[Extracted data entries]
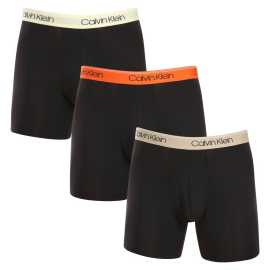 3PACK Boxers para hombre Calvin Klein negro (NB2570A-GTK) M.
Disfruta del máximo confort y lujo con los calzoncillos bóxer para hombre de Calvin Klein.
Material de calidad para una mayor comodidad durante todo el día
Los calzoncillos están confeccionados en una mezcla de algodón y elastano de primera calidad.
Diseño elegante y corte práctico
La goma tejida con el logotipo de Calvin Klein en contraste crean un look elegante y atemporal.
Por qué te encantarán los calzoncillos Calvin Klein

#### [TASK TO COMPLETE]
Every line of the records must come back unchanged, except that pictures are dropped.

#### [FINAL ANSWER]
 3PACK Boxers para hombre Calvin Klein negro (NB2570A-GTK) M.
Disfruta del máximo confort y lujo con los calzoncillos bóxer para hombre de Calvin Klein.
Material de calidad para una mayor comodidad durante todo el día
Los calzoncillos están confeccionados en una mezcla de algodón y elastano de primera calidad.
Diseño elegante y corte práctico
La goma tejida con el logotipo de Calvin Klein en contraste crean un look elegante y atemporal.
Por qué te encantarán los calzoncillos Calvin Klein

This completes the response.